## THE TASK
Please reproduce the data exactly, though every picture must stay out.

## GIVEN INFORMATION
________________________________________
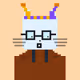 Catdom #4545
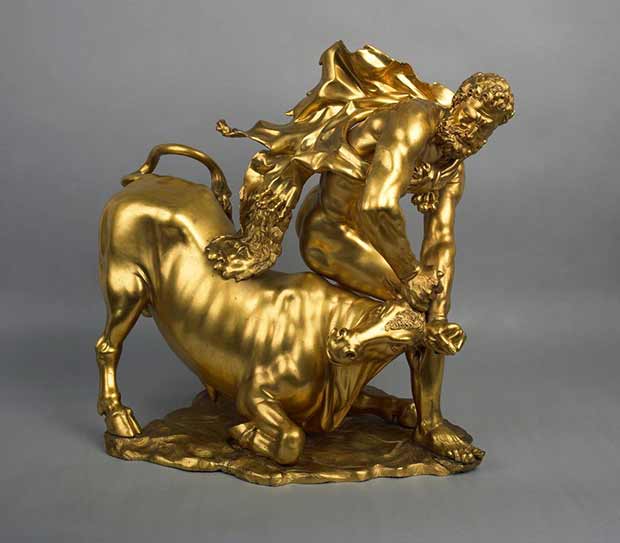 Ματιές στον κόσμο-1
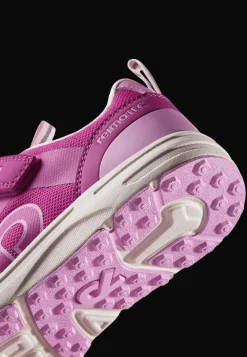 Enkka Sneakers Fucshia><noscript><img width=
________________________________________
## ANSWER SPACE
 Catdom #4545
 Ματιές στον κόσμο-1
 Enkka Sneakers Fucshia><noscript><img width=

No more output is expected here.